NEWS  /  Analysis

Microsoft's First AI Superfactory Comes Online as Datacenter Buildout Ramped Up

By  LiDan  Nov 13, 2025, 4:34 a.m. ET

The two-story designed Fairwater AI datacenters are directly connected to each other – and eventually to others under construction throughout the U.S. It boasts Nvidia's GB200 NVL72 rack-scale systems that can scale to hundreds of thousands of Nvidia Blackwell GPUs.

AsianFin -- Microsoft Corp. is launching a new class of datacenter as the software giant is ramping up artifcial intelligence (AI) infrastructure buildout.

Credit:Microsoft

Credit:Microsoft

Microsoft on Wednesday announced its first AI superfactory was brought online to accelerate AI breakthroughs and train new models on a scale that has previously been impossible. The superfactory is delivered as a set of two-story structure in Atlanta, Georgia, the second in Microsoft’s Fairwater family. The new purpose-built Fairwater site of Azure AI datacenter is connected to our first Fairwater site in Wisconsin.  

The Fairwater-site superfactory shares the same architecture and design as Microsoft’s investment in Wisconsin in September. The later was labelled by Microsoft as the world’s most powerful AI datacenter. But these aren’t simply isolated buildings densely packed with sophisticated silicon and cooling techniques that use almost zero water.

These Fairwater AI datacenters are directly connected to each other – and eventually to others under construction throughout the U.S. – with a new type of dedicated network allowing data to flow between them extremely quickly.

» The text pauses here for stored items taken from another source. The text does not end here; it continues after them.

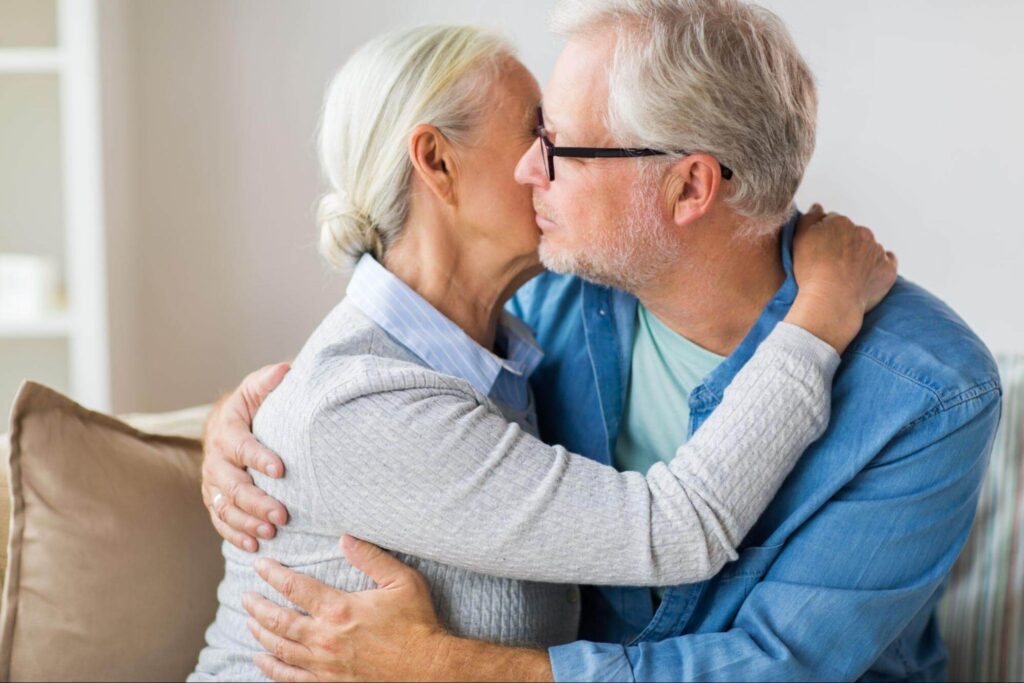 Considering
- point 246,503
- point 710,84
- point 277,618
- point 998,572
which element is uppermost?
point 710,84

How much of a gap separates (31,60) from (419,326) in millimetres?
1263

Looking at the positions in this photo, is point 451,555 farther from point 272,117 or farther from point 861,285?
point 272,117

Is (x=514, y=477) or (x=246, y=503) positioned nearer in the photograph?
(x=514, y=477)

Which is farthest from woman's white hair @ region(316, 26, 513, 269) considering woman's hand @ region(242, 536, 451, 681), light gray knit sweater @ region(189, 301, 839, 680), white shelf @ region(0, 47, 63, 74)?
white shelf @ region(0, 47, 63, 74)

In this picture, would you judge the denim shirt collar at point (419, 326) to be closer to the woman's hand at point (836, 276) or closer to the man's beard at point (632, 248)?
the man's beard at point (632, 248)

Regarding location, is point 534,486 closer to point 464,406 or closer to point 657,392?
point 464,406

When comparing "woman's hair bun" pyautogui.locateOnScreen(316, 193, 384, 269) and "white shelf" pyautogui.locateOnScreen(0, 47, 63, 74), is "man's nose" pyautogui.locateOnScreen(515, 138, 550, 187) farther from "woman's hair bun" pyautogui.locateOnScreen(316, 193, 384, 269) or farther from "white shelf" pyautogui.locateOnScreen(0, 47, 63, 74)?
"white shelf" pyautogui.locateOnScreen(0, 47, 63, 74)

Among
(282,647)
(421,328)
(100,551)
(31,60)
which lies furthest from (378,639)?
(31,60)

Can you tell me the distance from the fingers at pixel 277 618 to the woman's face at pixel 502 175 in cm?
55

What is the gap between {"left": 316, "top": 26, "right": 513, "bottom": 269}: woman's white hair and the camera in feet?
4.54

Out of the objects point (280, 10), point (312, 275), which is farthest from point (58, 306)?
point (280, 10)

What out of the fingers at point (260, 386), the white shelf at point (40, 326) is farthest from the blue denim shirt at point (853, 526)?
the white shelf at point (40, 326)

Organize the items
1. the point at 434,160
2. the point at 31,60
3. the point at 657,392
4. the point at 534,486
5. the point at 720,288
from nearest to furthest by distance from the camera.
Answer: the point at 534,486 < the point at 434,160 < the point at 720,288 < the point at 657,392 < the point at 31,60

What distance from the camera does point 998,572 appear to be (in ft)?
5.84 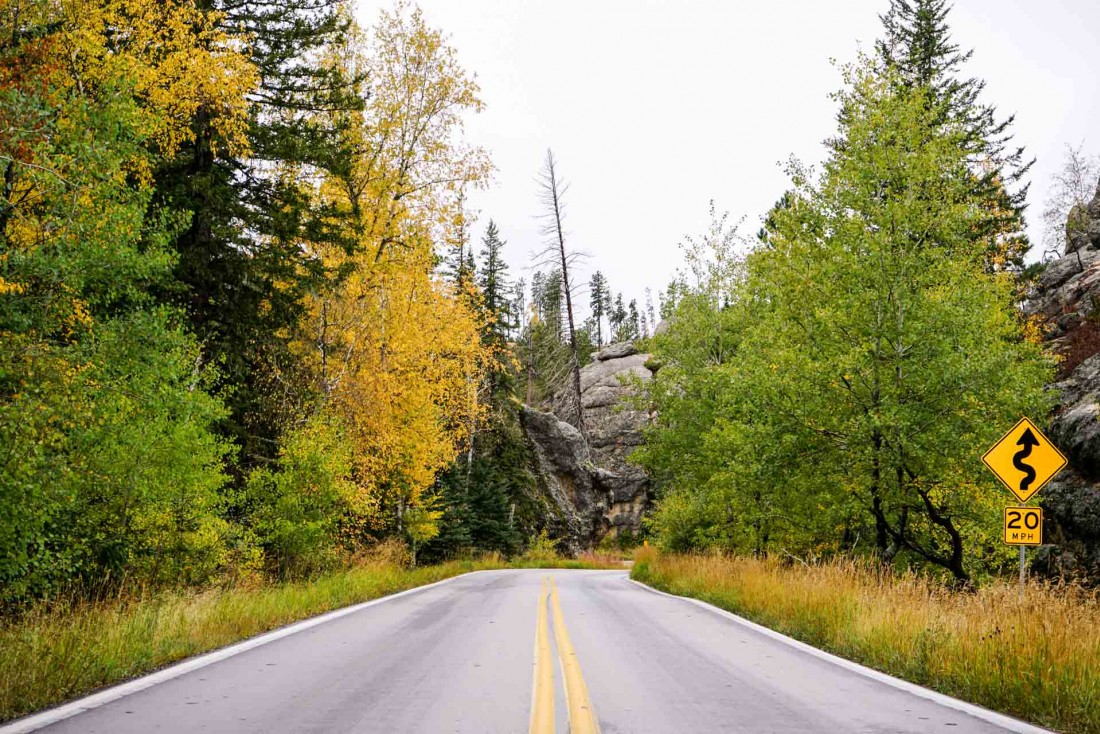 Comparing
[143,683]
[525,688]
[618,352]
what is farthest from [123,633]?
[618,352]

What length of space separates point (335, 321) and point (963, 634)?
51.6 ft

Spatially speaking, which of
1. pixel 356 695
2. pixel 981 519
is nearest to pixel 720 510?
pixel 981 519

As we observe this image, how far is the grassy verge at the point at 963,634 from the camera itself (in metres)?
5.48

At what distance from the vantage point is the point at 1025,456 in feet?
30.8

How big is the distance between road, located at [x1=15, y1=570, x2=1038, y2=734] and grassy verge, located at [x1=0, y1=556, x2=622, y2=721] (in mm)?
619

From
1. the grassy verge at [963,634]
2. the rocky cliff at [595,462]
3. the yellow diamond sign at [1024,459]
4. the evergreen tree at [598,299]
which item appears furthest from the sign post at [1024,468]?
the evergreen tree at [598,299]

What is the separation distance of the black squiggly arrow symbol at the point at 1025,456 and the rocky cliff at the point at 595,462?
28476mm

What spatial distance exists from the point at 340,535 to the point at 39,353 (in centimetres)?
1065

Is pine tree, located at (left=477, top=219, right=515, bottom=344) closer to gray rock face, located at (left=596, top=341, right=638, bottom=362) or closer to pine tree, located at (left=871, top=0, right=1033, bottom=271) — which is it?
gray rock face, located at (left=596, top=341, right=638, bottom=362)

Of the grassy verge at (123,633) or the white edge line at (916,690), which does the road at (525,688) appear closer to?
the white edge line at (916,690)

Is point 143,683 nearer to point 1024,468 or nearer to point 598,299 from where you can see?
point 1024,468

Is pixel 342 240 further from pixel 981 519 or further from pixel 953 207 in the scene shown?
pixel 981 519

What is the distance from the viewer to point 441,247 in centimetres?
2097

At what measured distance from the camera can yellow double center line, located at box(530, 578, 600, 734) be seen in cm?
488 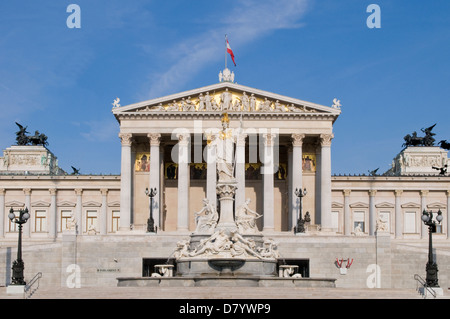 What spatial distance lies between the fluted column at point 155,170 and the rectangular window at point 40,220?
673 inches

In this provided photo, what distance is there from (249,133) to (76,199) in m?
23.3

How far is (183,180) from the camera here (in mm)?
74250

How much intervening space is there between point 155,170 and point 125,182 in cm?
307

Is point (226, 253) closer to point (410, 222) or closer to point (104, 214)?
A: point (104, 214)

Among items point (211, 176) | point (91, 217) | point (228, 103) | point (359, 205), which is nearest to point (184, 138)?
point (211, 176)

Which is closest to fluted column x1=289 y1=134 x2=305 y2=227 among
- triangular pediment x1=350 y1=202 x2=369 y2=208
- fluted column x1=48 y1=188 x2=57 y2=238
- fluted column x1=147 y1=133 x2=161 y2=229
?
fluted column x1=147 y1=133 x2=161 y2=229

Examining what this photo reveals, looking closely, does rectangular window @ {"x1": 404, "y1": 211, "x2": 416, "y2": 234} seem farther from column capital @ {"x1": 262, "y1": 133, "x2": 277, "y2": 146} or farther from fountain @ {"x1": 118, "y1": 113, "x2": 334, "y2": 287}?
fountain @ {"x1": 118, "y1": 113, "x2": 334, "y2": 287}

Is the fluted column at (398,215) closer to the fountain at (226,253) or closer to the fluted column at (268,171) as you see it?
the fluted column at (268,171)

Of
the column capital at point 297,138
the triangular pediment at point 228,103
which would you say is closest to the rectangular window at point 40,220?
the triangular pediment at point 228,103

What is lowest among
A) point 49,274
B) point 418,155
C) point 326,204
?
point 49,274

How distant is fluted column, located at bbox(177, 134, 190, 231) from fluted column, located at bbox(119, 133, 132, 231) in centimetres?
476

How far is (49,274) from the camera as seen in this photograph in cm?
5634

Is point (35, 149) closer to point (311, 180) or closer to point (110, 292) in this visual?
point (311, 180) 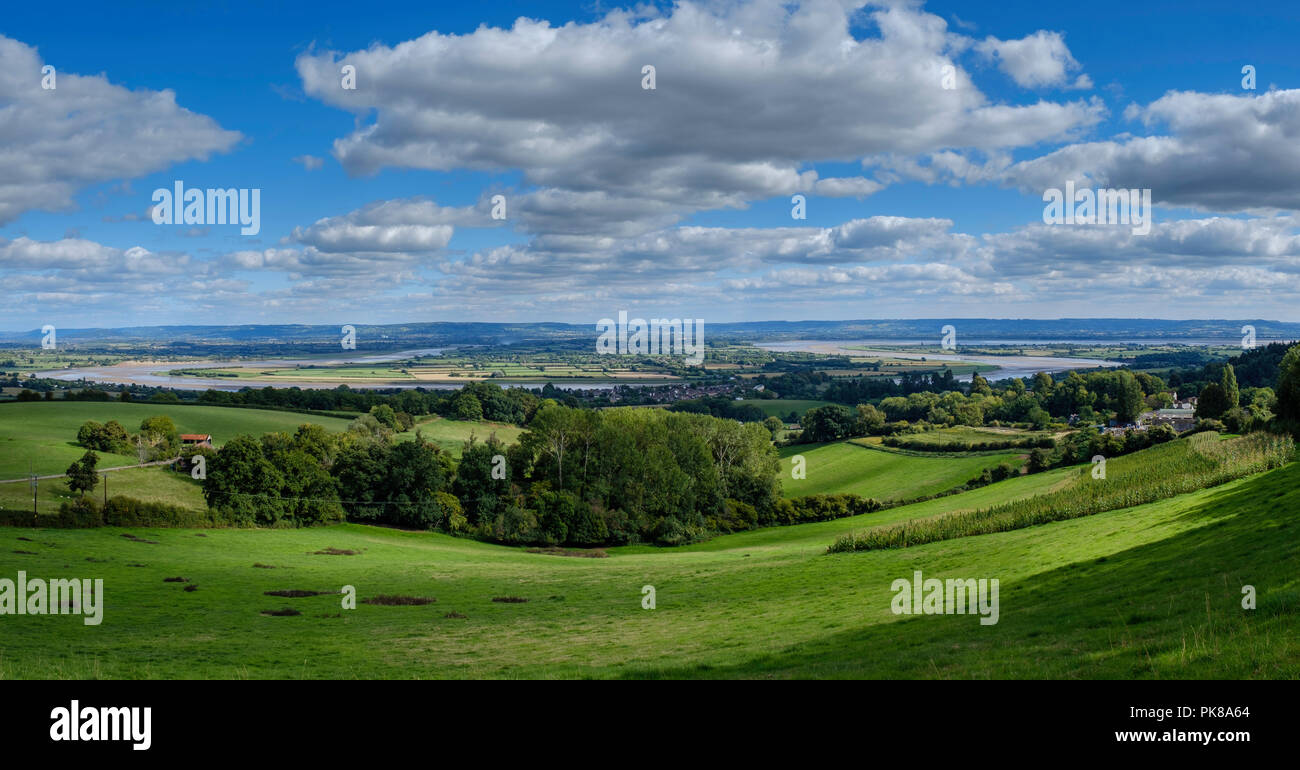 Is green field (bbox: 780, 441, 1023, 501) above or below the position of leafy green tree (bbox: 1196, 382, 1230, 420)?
below

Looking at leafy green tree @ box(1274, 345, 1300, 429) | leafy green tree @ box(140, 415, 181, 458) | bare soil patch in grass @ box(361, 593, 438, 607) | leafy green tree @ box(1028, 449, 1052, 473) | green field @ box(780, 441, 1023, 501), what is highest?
leafy green tree @ box(1274, 345, 1300, 429)

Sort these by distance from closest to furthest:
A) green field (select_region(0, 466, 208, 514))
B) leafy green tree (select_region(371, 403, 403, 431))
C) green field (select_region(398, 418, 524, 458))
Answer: green field (select_region(0, 466, 208, 514)), green field (select_region(398, 418, 524, 458)), leafy green tree (select_region(371, 403, 403, 431))

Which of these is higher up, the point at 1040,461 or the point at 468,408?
the point at 468,408

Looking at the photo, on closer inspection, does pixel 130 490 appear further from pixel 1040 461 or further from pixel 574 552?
pixel 1040 461

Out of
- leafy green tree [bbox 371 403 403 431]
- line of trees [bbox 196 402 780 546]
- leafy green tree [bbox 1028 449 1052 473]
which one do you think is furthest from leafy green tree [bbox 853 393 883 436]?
leafy green tree [bbox 371 403 403 431]

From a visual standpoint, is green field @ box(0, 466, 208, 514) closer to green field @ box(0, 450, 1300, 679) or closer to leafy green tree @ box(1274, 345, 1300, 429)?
green field @ box(0, 450, 1300, 679)

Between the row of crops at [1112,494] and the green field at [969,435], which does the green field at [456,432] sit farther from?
the row of crops at [1112,494]

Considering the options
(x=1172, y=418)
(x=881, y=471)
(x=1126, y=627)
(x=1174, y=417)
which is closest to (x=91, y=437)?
(x=881, y=471) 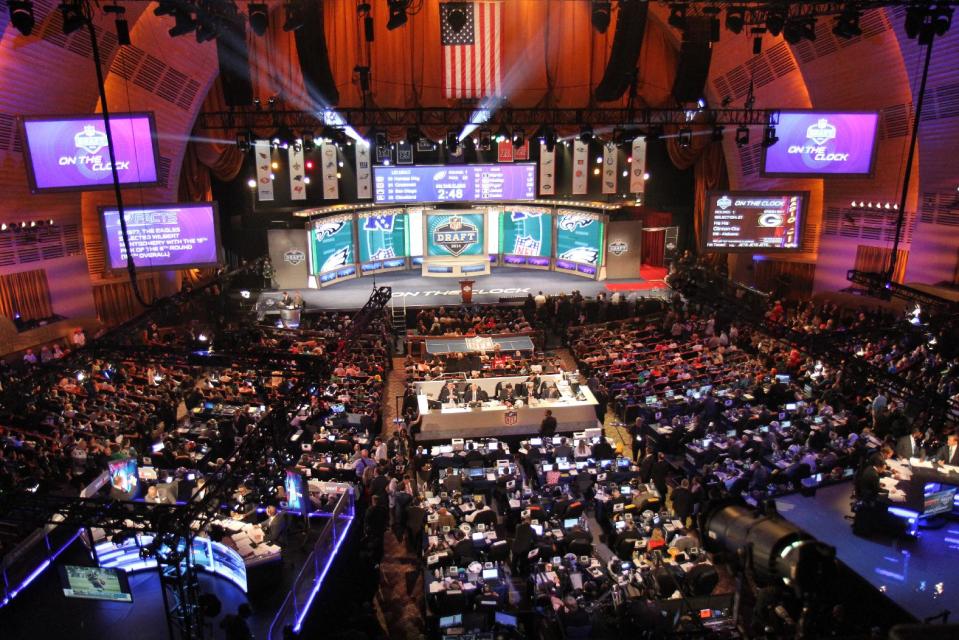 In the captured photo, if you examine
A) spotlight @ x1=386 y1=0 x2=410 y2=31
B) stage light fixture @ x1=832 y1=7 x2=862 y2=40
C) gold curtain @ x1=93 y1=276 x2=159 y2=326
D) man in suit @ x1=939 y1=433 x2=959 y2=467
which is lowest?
man in suit @ x1=939 y1=433 x2=959 y2=467

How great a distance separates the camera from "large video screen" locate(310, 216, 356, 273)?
2341 centimetres

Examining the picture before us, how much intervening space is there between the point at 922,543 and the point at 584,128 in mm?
11170

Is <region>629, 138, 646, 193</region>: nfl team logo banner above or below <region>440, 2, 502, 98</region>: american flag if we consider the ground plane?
below

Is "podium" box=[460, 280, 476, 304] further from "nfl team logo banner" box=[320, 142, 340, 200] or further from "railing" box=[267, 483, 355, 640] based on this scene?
"railing" box=[267, 483, 355, 640]

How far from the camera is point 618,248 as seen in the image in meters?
24.4

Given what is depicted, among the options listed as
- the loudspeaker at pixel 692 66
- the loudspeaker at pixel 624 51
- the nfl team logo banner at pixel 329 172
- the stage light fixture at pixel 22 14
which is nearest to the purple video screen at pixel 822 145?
the loudspeaker at pixel 692 66

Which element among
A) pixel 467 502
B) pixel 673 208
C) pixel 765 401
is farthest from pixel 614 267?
pixel 467 502

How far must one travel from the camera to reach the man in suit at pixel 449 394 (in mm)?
14734

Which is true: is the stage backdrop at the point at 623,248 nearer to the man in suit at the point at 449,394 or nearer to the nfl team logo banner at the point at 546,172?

This enables Fairwater sites located in different states to work together as an AI superfactory to train new generations of AI models far more quickly, accomplishing jobs in just weeks instead of several months.

Microsoft said the network will connect multiple sites with hundreds of thousands of the most advanced graphic processing units (GPUs) running AI workloads, exabytes of storage and millions of CPU cores for operational compute tasks.

The new Fairwater AI datacenters have a unique design that differentiates them from previous generations. It features a new chip and rack architecture that delivers the highest throughput per rack of any cloud platform available today. It boasts Nvidia’s GB200 NVL72 rack-scale systems that can scale to hundreds of thousands of Nvidia Blackwell GPUs. Its two-story design allows for greater GPU density and intelligent networking enables fast communication among GPUs. It also features an advanced liquid cooling that consumes almost zero water in its operations and a new dedicated network linking it to AI compute clusters at other sites.

“This is about building a distributed network that can act as a virtual supercomputer for tackling the world’s biggest challenges in ways that you just could not do in a single facility,” said Alistair Speirs, Microsoft general manager focusing on Azure infrastructure.

 “A traditional datacenter is designed to run millions of separate applications for multiple customers,” Speirs added. “The reason we call this an AI superfactory is it’s running one complex job across millions of pieces of hardware. And it’s not just a single site training an AI model, it’s a network of sites supporting that one job.”

Microsoft didn’t specify the cost of the superfactory in Fairwater site, but the company had disclosed aggressive AI spending in late October when it released financial results for its first fiscal quarter ended September 30. 

Microsot posted a steeper climb in spending than Wall Street anticipated, fueling anxieties about the high costs of providing AI infrastructure. The September quarter saw captial expenditure, or Capex, including finance leases, an indication of data center spending, refreshed a record at $34.9 billion, while analysts projected to be $30.06 billion. The Capex was up about $10 billion, or more than 60%, from the previous record set during the previous quarter, and surged 74.5% from a year ago.

Microsoft CEO Satya Nadella said his company will continue to increase our investments in AI across both capital and talent as its planet-scale cloud and AI factory, together with Copilots across high value domains, is driving broad diffusion and real-world impact.

Hood said at an earnings call that the Capex will increase again in the current fiscal quarter. She told analysts Microsoft still failed to address a computing capacity crunch despite massive spending on AI datacenters. Demand for Azure services is “significantly ahead of the capacity we have available,” she said. “I thought we were going to catch up,” Hood added. “We are not.”